#### Activity
Could you retype the lines below, starting at the line holding "Thiên Ma Thần" and stopping at the line holding "Photo of property", inclusive? Copy them exactly and drop the images.

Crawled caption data
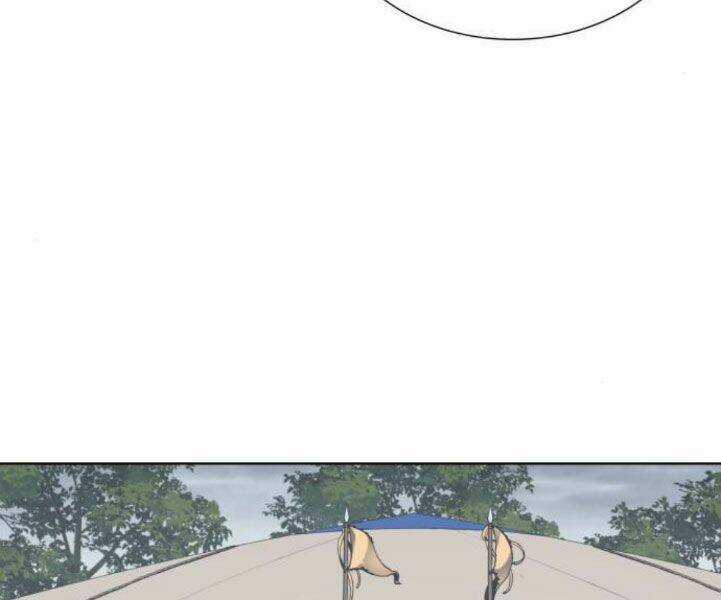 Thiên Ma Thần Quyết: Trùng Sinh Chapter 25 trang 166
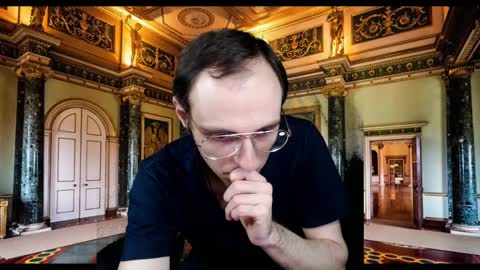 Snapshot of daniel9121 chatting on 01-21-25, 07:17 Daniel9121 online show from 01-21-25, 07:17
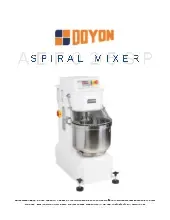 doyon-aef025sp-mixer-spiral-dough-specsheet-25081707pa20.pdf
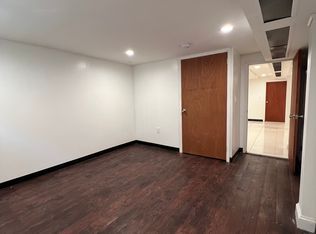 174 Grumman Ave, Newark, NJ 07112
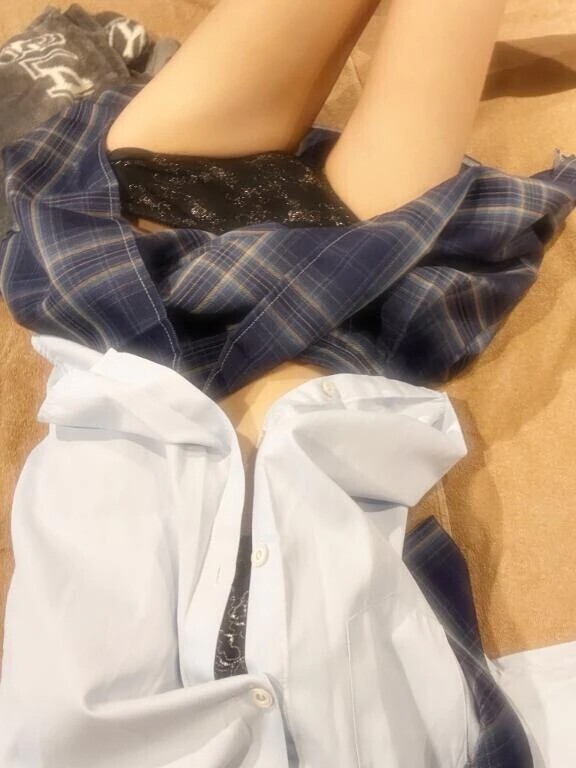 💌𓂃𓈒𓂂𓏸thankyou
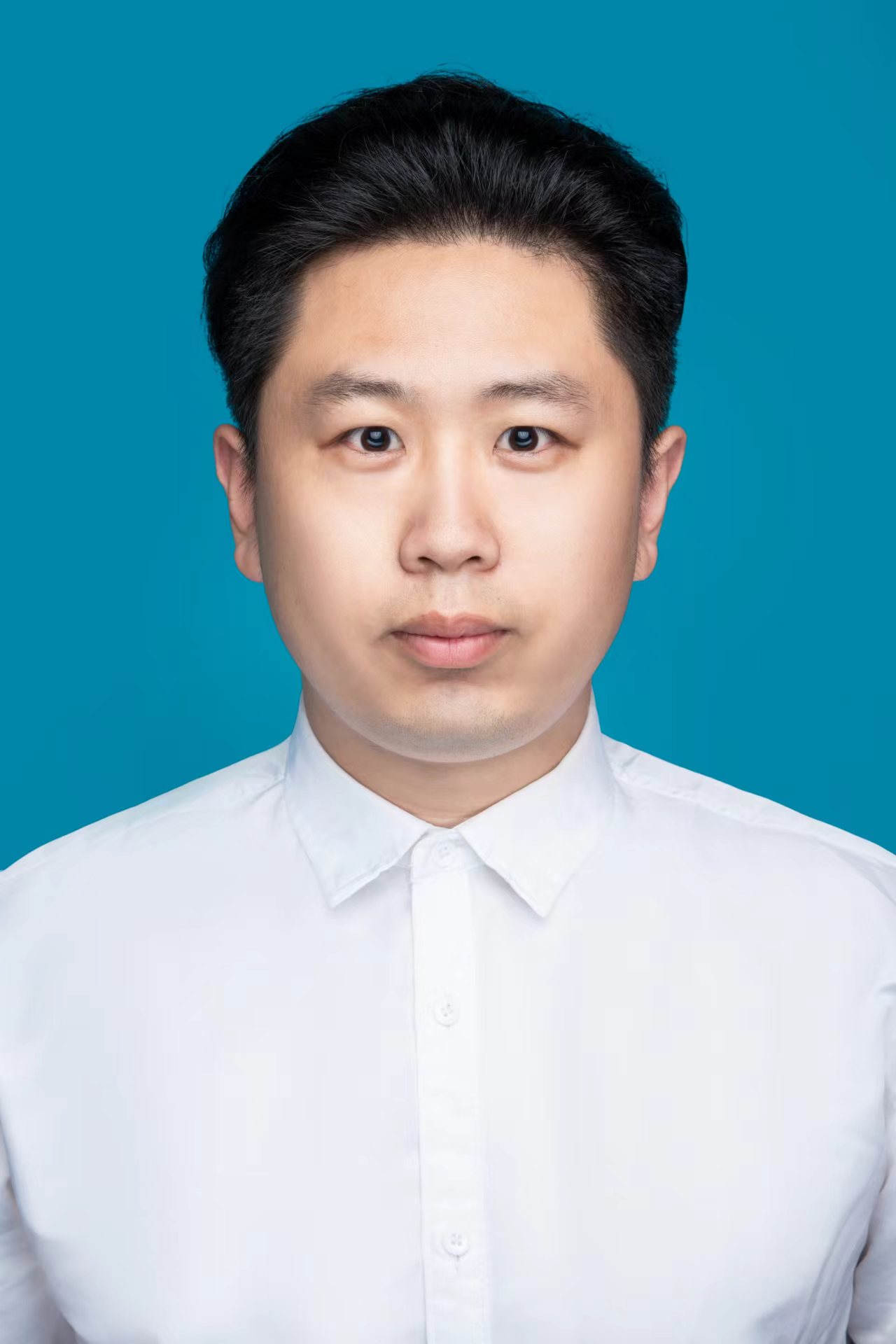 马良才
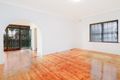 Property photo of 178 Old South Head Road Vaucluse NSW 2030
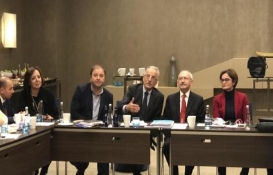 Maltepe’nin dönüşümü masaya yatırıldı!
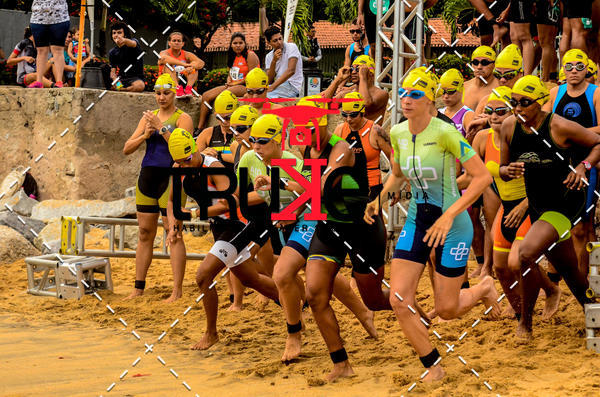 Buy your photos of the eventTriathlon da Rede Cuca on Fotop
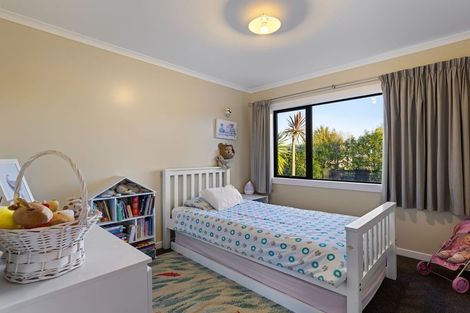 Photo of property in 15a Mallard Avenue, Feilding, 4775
...
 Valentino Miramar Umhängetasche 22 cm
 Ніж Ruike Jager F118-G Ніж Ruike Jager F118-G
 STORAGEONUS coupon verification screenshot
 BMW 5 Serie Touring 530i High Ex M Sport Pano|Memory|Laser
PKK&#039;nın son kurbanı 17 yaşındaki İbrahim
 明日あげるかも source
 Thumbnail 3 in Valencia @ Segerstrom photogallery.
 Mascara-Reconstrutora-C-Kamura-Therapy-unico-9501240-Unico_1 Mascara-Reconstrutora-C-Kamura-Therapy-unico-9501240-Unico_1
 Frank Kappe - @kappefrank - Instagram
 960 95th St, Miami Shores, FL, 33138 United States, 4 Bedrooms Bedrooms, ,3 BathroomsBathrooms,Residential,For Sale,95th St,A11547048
--
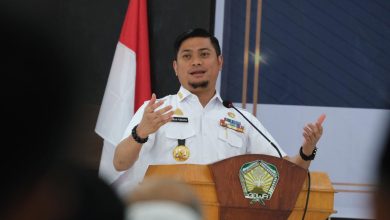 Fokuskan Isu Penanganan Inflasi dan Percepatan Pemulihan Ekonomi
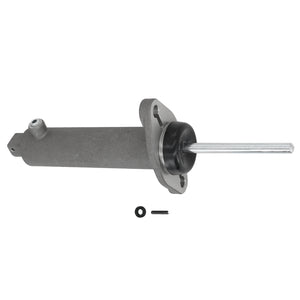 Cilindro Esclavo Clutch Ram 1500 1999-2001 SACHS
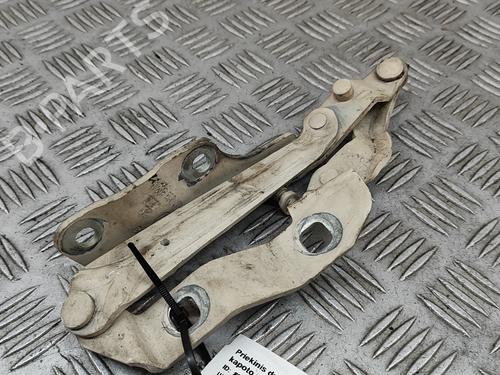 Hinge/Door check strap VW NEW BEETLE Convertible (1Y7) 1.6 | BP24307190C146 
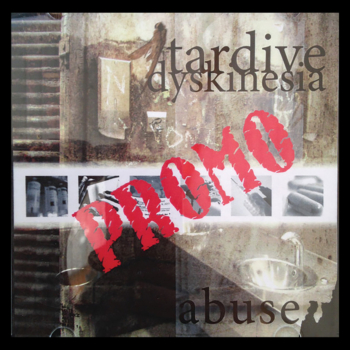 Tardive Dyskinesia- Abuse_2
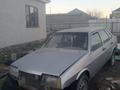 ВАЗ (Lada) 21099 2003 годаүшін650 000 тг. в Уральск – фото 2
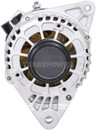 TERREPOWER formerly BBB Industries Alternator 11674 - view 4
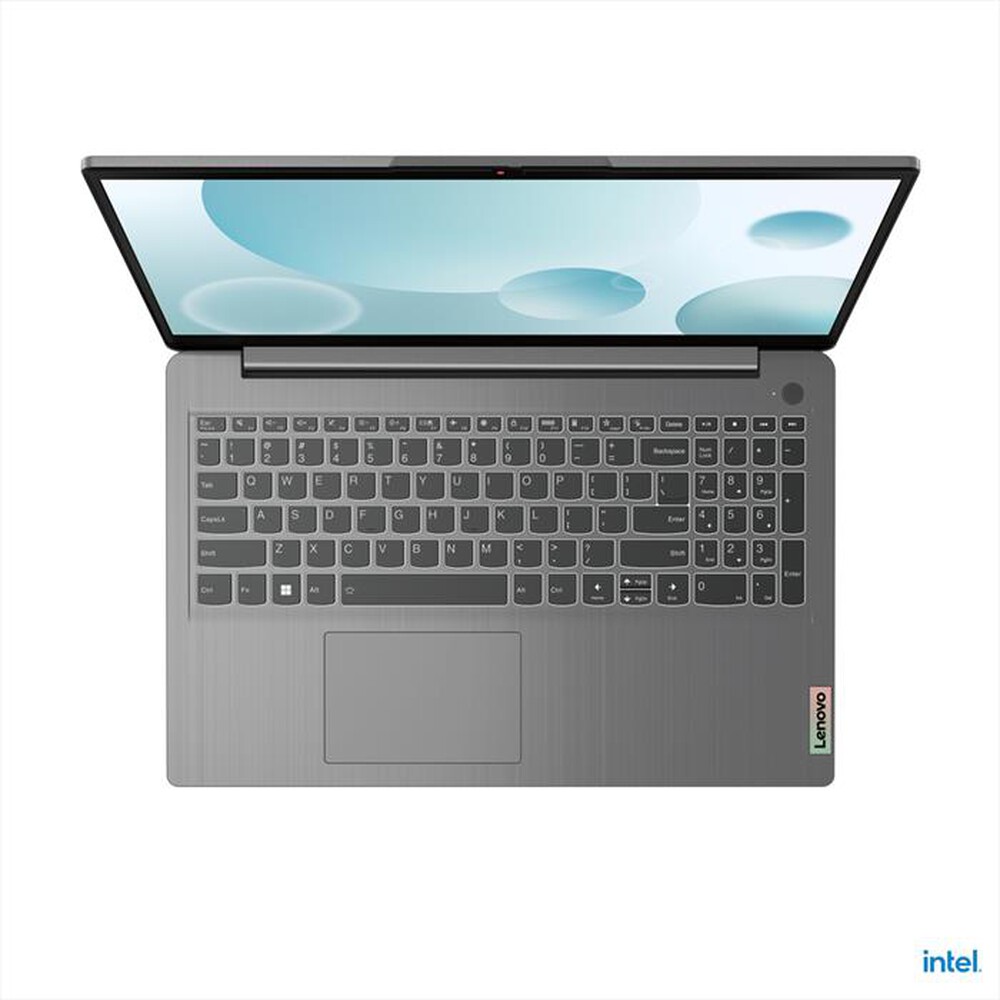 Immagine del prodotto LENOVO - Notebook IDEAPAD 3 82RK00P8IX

#### Output for this task
 Thiên Ma Thần Quyết: Trùng Sinh Chapter 25 trang 166
 Snapshot of daniel9121 chatting on 01-21-25, 07:17 Daniel9121 online show from 01-21-25, 07:17
 doyon-aef025sp-mixer-spiral-dough-specsheet-25081707pa20.pdf
 174 Grumman Ave, Newark, NJ 07112
 💌𓂃𓈒𓂂𓏸thankyou
 马良才
 Property photo of 178 Old South Head Road Vaucluse NSW 2030
 Maltepe’nin dönüşümü masaya yatırıldı!
 Buy your photos of the eventTriathlon da Rede Cuca on Fotop
 Photo of property in 15a Mallard Avenue, Feilding, 4775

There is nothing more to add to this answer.